[DATA UNDER STUDY Boundary: Start]
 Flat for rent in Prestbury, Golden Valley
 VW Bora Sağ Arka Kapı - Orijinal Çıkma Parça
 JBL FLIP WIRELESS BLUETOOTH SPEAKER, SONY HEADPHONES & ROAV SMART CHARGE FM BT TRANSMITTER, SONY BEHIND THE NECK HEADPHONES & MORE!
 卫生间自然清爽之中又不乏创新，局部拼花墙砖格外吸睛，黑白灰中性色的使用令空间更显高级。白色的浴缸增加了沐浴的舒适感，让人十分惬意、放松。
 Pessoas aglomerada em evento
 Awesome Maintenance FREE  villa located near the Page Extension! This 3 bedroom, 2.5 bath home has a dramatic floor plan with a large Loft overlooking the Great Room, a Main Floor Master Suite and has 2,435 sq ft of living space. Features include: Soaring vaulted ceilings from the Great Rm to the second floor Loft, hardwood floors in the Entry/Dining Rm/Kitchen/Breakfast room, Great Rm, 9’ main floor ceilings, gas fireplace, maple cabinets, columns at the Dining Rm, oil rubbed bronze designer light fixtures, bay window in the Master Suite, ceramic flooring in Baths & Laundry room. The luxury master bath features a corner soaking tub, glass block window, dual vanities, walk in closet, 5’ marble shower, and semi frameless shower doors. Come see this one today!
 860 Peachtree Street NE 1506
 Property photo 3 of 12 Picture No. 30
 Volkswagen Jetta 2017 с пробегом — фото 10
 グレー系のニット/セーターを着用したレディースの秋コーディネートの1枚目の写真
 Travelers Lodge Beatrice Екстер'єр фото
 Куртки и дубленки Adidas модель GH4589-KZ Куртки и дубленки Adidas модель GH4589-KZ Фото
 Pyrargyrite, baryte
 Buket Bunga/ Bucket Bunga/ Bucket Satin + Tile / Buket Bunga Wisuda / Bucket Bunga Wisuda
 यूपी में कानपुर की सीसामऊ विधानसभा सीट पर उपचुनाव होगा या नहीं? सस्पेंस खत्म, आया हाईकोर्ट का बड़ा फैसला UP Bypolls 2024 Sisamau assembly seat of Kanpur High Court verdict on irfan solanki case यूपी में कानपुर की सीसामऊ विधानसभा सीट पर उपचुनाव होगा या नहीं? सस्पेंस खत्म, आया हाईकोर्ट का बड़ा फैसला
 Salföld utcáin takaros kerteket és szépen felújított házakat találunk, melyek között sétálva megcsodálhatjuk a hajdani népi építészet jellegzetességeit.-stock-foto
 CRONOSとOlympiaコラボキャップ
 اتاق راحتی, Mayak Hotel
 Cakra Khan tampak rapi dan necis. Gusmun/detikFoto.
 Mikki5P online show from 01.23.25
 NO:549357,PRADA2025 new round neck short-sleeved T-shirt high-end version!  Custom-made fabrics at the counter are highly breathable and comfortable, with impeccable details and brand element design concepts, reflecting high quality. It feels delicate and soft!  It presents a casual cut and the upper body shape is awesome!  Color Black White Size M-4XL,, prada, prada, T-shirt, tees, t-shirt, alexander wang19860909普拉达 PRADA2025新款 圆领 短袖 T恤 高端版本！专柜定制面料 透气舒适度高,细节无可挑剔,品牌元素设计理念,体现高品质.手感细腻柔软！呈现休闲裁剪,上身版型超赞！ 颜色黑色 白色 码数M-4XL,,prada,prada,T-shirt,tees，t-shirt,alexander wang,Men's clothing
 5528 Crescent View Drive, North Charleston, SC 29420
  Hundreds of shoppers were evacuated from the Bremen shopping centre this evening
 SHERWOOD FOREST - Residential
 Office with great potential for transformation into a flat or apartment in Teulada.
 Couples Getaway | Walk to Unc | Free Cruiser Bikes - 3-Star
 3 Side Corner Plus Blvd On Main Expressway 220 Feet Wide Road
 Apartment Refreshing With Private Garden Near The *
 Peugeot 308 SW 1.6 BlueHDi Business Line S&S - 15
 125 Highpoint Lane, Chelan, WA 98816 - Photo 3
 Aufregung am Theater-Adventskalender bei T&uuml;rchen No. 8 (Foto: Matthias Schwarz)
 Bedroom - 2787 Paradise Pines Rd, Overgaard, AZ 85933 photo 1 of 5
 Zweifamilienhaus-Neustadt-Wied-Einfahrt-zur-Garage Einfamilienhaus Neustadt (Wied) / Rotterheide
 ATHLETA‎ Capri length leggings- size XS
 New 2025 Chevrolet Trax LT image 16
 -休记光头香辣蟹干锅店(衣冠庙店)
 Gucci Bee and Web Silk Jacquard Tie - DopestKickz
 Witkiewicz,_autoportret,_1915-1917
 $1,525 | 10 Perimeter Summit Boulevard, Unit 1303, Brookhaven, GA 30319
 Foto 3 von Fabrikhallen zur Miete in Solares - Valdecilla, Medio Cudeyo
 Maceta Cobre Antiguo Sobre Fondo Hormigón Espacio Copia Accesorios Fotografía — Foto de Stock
[DATA UNDER STUDY Boundary: End]
PROBLEM DESCRIPTION
Please write out, exactly as they appear, the lines from the one containing "New 2025 Chevrolet Trax LT image 16" through the last line of the records above, and nothing more.

WRITTEN SOLUTION
 New 2025 Chevrolet Trax LT image 16
 -休记光头香辣蟹干锅店(衣冠庙店)
 Gucci Bee and Web Silk Jacquard Tie - DopestKickz
 Witkiewicz,_autoportret,_1915-1917
 $1,525 | 10 Perimeter Summit Boulevard, Unit 1303, Brookhaven, GA 30319
 Foto 3 von Fabrikhallen zur Miete in Solares - Valdecilla, Medio Cudeyo
 Maceta Cobre Antiguo Sobre Fondo Hormigón Espacio Copia Accesorios Fotografía — Foto de Stock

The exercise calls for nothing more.